Running Porks

September 4, 2012

When answering queries from non-English language speakers about the oddities of our language, nothing stymies the process more than plural references – particularly when pertaining to animals.

A typical day on the farm illustrates all…

Juan: Senora! The sheeps are escaped!

Me (ever helpful): Sheep. The sheep have escaped….without the ‘s’.

One Sheep…

Two sheep….

NO DAMN SHEEPS!

Next day:

Juan: Senora! The pig is loose!

Me: PIGS. The PIGS are loose. WITH the ‘S’.

Next Day:

Juan (less confidently, still stewing about the pigs, apparently): Lady, the running pork got out again.

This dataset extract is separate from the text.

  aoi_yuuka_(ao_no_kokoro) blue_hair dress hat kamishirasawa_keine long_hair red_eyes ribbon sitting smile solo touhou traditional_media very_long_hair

(Obviously he’s found a way to circumvent the entire ‘S’ question. Sorry dude: won’t work….:)

Me: RUNNING PORKS. WITH the ‘s’. Actually, it’s still PIGS – but I like your description better. Let’s round ‘em up!

Next crisis:

Juan: The grain has become full of mouses!

Me (sighing): Mice. The mice have gotten into the grain. No ‘becoming’ involved…

(At this point Juan is smelling a rat…)

Juan (puzzled): Meece?

Me: No, mice.

Juan (thoroughly confused, and now suspecting a rouse on my part): Why ‘sheeps’ then; why not ‘shice’?

Me (issuing disclaimer): Hey – I didn’t INVENT it … I just USE IT!

Juan (resentfully): Why?? Spanish make MUCH more sense.

Me: I know … hey, did you see the neighbors’ new geese?

Juan (superiorly): GOOSES. Yes, I saw neighbors’ new GOOSES. They got through fence and chased our sheeps. And went after mouses, too. Running porks not afraid, though. 

Me (sighing): FINE.

So much for English…hey, if God wanted me to ‘splain English, I’d have been born an English teacher. That’s why I’m a writer. I do much better on paper…

The rural world has enough issues to describe without rampaging sheeps, running porks, gooses, and mousies running off with the English language!